This creates a simple 100×100-meter floor. All meshes created using Babylon.js internal functions are created at position 0,0,0 of the scene and are centered. There are three important variables that transform the mesh and position it correctly in the scene:

  • mesh.position is a vector of the mesh’s position in space
  • mesh.scaling is the mesh’s scale factor in each of the axes
  • mesh.rotation are the Euler angles (in radians) of the rotation in each axis; if you’re more comfortable with quaternions (I know I am), you can use mesh.rotationQuaternion instead

After adding the function to my init function and starting the scene, I notice an interesting thing—I can’t see the floor I added at all! The reason is that the camera and the floor were both created at the same point in space (0,0,0). Because the ground is completely flat, only viewing from above (or below) will show it on screen. Going back to the camera’s initialization in the createCamera function, I change the second variable, which is the initial position of the camera, to a new vector—the camera will now be 1.7 units (meters, in this case) above the ground:


var camera = new BABYLON.FreeCamera(
  "cam", new BABYLON.Vector3(0,1.7,0), scene
);

If you start the scene now, you’ll see the floor stretching over half of the screen, as shown in Figure 9.

Add floor to the scene
Figure 9 Adding a Floor to the Scene

Try moving around with the arrows and the mouse to get the hang of controlling the free camera.

You’ll notice the floor is completely black. I’m missing light! I’ll add a new function, createLight, which I’ll extend later on.

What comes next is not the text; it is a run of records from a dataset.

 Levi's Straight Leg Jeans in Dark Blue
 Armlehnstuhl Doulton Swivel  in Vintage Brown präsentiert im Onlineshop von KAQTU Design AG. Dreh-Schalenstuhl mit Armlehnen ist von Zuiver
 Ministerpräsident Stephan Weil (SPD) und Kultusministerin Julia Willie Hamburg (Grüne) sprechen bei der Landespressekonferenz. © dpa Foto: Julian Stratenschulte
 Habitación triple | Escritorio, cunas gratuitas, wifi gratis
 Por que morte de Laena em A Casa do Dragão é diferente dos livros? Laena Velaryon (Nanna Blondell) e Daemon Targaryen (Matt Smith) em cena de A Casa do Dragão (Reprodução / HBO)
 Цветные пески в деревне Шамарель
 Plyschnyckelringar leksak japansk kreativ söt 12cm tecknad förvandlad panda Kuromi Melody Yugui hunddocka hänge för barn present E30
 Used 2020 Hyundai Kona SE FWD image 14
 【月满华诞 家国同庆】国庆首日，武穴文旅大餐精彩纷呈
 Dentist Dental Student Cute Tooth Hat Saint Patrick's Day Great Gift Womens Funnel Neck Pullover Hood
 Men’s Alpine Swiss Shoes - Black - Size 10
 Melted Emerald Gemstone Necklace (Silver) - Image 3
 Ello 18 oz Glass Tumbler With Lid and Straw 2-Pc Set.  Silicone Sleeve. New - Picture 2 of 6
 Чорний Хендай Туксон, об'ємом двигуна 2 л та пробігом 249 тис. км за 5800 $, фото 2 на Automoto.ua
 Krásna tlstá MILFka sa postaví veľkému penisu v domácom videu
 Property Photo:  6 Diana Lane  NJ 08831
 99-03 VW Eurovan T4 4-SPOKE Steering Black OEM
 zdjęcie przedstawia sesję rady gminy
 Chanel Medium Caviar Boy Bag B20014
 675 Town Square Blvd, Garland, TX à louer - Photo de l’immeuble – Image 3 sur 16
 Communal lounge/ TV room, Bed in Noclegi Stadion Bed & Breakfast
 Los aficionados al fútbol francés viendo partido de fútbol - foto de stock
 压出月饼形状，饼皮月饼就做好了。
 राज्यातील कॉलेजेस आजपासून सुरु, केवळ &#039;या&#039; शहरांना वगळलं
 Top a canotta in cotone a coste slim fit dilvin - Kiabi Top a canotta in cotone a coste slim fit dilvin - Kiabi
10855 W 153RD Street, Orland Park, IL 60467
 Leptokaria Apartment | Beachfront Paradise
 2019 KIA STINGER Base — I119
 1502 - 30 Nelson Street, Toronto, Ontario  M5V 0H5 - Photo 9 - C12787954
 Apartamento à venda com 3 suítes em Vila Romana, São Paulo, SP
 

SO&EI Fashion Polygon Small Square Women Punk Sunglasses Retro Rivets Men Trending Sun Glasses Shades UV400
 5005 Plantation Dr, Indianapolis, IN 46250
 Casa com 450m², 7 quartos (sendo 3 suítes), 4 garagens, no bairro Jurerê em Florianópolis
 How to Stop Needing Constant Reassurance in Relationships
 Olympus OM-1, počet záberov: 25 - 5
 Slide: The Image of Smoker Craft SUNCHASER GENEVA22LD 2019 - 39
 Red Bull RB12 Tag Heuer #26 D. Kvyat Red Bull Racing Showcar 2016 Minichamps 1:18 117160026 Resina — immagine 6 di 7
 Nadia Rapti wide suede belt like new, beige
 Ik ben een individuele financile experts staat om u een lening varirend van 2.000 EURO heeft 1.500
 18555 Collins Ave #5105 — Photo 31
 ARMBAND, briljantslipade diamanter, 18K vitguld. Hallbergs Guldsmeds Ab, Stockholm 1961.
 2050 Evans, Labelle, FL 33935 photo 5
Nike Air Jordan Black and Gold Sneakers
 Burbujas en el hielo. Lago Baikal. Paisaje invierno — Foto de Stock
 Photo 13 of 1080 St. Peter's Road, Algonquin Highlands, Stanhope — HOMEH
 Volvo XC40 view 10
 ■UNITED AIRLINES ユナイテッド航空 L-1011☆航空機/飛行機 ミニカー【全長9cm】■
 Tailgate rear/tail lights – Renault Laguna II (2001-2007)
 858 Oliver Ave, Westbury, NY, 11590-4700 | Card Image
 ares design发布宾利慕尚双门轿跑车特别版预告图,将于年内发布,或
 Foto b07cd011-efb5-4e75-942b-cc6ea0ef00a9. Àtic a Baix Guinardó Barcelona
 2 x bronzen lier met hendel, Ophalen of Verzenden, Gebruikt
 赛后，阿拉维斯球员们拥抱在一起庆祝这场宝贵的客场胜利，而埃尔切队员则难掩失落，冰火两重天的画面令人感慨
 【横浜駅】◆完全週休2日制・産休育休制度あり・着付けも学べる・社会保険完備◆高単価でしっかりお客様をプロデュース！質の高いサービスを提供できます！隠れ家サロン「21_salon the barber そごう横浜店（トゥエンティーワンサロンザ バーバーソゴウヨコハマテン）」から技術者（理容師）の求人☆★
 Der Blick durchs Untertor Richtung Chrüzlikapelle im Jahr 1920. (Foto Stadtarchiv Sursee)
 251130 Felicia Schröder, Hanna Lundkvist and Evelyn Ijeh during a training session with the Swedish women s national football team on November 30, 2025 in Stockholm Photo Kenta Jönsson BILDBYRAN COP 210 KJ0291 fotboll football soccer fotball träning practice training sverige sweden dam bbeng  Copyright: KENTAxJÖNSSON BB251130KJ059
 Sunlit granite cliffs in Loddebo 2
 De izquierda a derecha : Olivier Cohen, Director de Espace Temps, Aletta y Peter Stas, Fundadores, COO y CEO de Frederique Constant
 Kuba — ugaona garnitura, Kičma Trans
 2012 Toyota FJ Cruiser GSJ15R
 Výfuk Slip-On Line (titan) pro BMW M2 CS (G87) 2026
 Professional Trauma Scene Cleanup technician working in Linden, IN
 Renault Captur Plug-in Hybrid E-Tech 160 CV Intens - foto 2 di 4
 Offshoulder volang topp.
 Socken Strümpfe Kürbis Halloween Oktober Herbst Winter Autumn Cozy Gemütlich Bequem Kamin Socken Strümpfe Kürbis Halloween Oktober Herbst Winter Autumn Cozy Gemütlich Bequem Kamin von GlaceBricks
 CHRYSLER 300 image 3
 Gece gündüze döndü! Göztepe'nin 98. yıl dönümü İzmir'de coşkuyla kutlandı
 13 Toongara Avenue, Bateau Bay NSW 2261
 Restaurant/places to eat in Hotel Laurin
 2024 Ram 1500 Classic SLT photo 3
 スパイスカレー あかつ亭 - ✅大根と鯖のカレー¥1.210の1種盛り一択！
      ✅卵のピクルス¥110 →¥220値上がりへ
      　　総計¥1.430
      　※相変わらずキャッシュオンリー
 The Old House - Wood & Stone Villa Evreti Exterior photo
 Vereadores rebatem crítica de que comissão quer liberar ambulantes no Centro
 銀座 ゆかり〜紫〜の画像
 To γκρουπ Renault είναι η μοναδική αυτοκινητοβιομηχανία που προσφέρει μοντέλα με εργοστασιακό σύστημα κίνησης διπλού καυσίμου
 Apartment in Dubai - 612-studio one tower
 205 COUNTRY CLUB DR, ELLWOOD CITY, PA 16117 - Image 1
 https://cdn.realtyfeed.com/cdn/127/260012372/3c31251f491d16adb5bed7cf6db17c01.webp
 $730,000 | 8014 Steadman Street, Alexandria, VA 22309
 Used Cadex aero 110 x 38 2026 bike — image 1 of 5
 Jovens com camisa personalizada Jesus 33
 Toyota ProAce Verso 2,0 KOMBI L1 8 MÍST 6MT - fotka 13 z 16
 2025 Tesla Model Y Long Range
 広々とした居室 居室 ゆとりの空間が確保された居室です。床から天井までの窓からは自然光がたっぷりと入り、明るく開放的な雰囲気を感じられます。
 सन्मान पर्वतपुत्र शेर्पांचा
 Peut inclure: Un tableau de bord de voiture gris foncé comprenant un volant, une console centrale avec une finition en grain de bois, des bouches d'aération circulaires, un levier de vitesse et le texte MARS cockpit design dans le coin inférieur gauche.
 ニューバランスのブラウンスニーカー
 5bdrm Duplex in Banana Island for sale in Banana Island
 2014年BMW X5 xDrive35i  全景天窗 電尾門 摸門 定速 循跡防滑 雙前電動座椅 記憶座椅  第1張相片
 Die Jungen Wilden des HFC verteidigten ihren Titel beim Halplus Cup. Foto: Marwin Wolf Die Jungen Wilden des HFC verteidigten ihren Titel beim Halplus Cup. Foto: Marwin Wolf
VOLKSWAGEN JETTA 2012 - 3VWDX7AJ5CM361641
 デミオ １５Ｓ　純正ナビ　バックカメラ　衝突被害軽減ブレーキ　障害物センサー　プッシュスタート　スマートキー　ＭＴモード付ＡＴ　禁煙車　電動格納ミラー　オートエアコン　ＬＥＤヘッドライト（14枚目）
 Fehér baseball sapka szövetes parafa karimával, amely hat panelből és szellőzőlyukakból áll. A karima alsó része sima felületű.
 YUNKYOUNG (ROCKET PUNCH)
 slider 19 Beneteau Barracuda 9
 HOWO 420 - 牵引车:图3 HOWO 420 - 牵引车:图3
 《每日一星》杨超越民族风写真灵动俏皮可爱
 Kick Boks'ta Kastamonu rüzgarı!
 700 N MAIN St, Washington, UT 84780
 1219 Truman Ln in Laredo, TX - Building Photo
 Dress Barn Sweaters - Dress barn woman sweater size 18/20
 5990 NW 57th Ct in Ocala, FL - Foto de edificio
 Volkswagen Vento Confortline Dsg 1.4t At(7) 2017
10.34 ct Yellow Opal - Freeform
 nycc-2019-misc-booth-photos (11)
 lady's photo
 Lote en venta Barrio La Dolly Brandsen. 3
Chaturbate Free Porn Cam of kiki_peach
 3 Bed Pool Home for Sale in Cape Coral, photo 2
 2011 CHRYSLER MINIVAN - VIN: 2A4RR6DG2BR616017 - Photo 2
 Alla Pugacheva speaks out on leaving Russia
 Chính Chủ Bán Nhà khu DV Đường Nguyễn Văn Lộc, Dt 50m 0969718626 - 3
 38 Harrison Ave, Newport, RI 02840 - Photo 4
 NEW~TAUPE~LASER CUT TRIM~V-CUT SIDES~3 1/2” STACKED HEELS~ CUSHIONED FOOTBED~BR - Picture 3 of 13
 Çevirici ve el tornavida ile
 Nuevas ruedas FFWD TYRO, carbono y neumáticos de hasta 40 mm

function createLight(scene) {
  var light = new BABYLON.DirectionalLight(
    "dir01", new BABYLON.Vector3(-0.5, -1, -0.5), scene
  );
  // Set a position in order to enable shadows later
  light.position = new BABYLON.Vector3(20, 40, 20);
  return light;
}

Don’t forget to add this line to init:

var light = createLight(scene);

Babylon.js has four types of lights:

  • Hemispheric: Ambient light, predefined with ground color (the pixels that are facing down), sky color (the pixels that are facing up) and specular color.
  • Point: A light emitted from a single point in all directions, like the sun.
  • Spot: Just as the name suggests, a light from a single point with a specific direction and emission radius. This light can emit shadows.
  • Directional: Light emitted in a specific direction from everywhere. The sun might be a point light, but a directional light simulates sunlight better. This light can also emit shadows, and it’s the one I used in my example.

Now the floor will be white. Babylon.js assigns a default white material to each mesh with no assigned material.

The lane itself will be a box, laid on the floor I just created:


function createLane(scene) {
  var lane = BABYLON.Mesh.CreateBox("lane", 1, scene, false);
  lane.scaling = new BABYLON.Vector3(
    laneWidth, laneHeight, totalLaneLength
  );
  lane.position.y = laneHeight / 2; // New position due to mesh centering
  lane.position.z = totalLaneLength / 2;
  return lane;
}

Once again, don’t forget to add this function to init.

You can see how I used the scaling parameter — I created a box sized 1x1x1 and changed its scaling to fit the constants I predefined.

Using the same technique, I created two boxes that will act as my gutter borders on both sides of the lane (this is what the ball will fall into if it’s thrown in the wrong direction). Try creating them yourself, and take a look at the accompanying project to see how I did it.

Bowling Pins and Ball

What’s now missing is the bowling pins and the ball. To create the pins, I’ll use a cylinder, just a single cylinder that will be multiplied many times—10 to be exact. In Babylon.js, such multiplications are called instances. An instance is an exact copy of a mesh, except for its transformation in space. This means that an instance’s geometry and texture can’t be changed, but the position, scaling and rotation can. I personally never use the original object in the scene; if I want 10 pins, I’ll create one pin, disable it, and create 10 instances of it in 10 predefined locations:


function createPins(scene) {
  // Create the main pin
  var mainPin = BABYLON.Mesh.CreateCylinder(
    "pin", pinHeight, pinDiameter / 2, pinDiameter, 6, 1, scene
  );
  // Disable it so it won't show
  mainPin.setEnabled(false);
  return pinPositions.map(function (positionInSpace, idx) {
    var pin = new BABYLON.InstancedMesh("pin-" + idx, mainPin);
    pin.position = positionInSpace;
    return pin;
  });
}

The missing variables used in this function can be found in the project file, including the pinPositions, which is an array with the global positions of all 10 pins.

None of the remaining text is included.